╭─ Data below

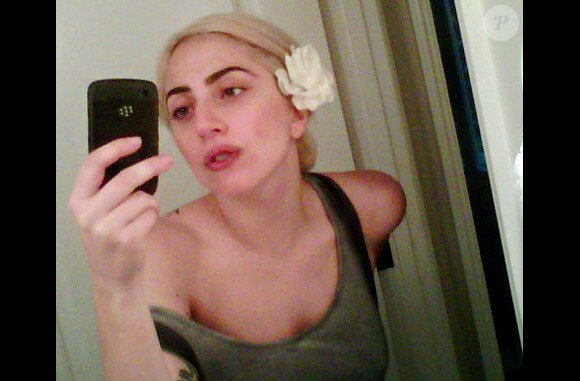 Lady Gaga poste une photo d'elle sur Twitter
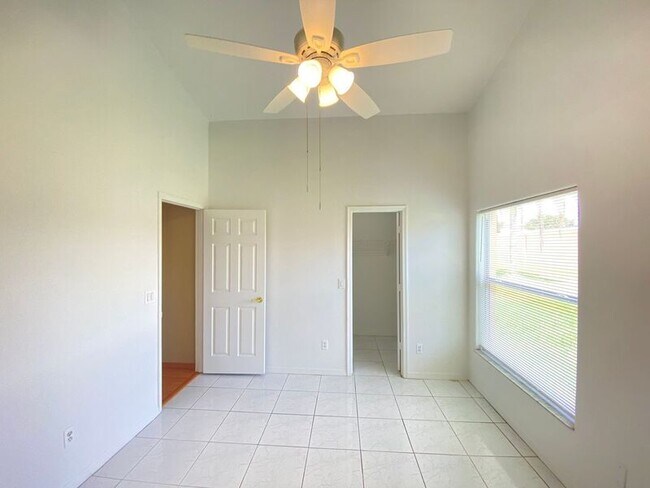 Building Photo - 3310 Crystal Creek Blvd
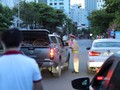 Lực lượng công an kiểm tra phương tiện ra đường tại chốt kiểm soát trên địa bàn TP Đà Nẵng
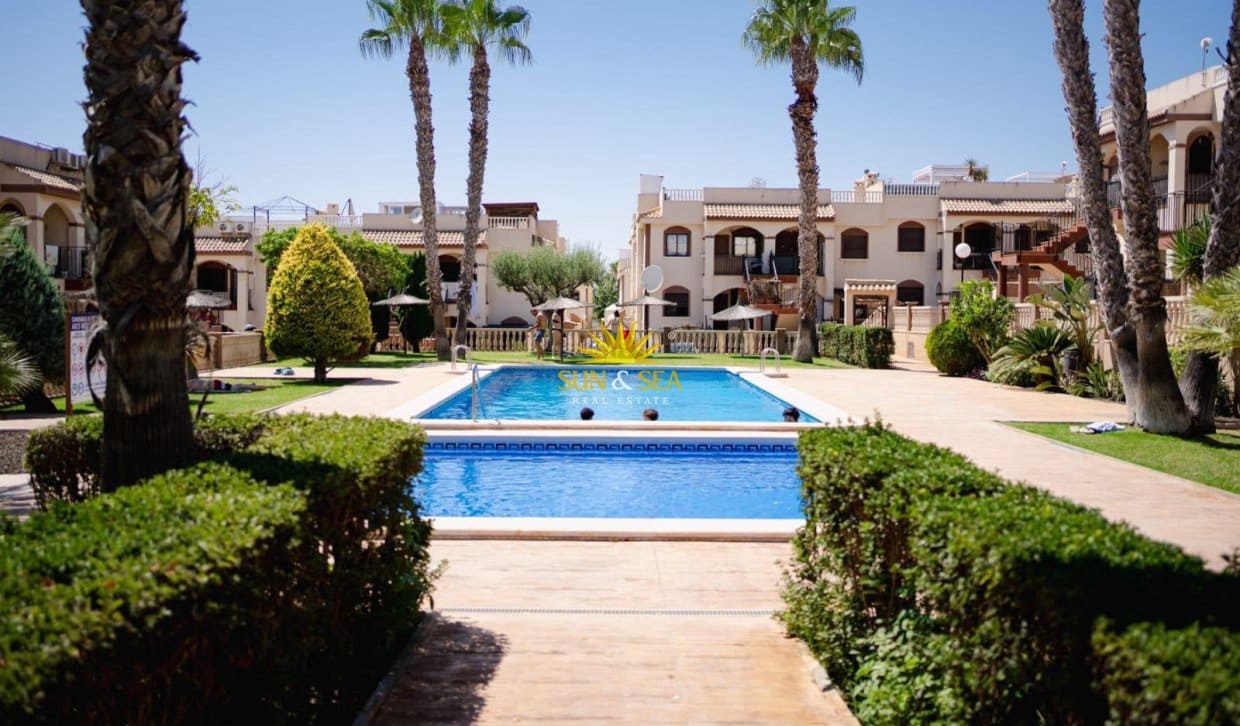 2 soveværelse Penthouse til leje i Torrevieja med swimmingpool garage - € 950 (Ref: 9970872)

╰─

> _Directions_
Transcribe, please, the lines from the one holding "Building Photo - 3310 Crystal Creek Blvd" to the final line of the material, both included, exactly and with no extra lines, and skip the pictures.

> _Worked solution_
 Building Photo - 3310 Crystal Creek Blvd
 Lực lượng công an kiểm tra phương tiện ra đường tại chốt kiểm soát trên địa bàn TP Đà Nẵng
 2 soveværelse Penthouse til leje i Torrevieja med swimmingpool garage - € 950 (Ref: 9970872)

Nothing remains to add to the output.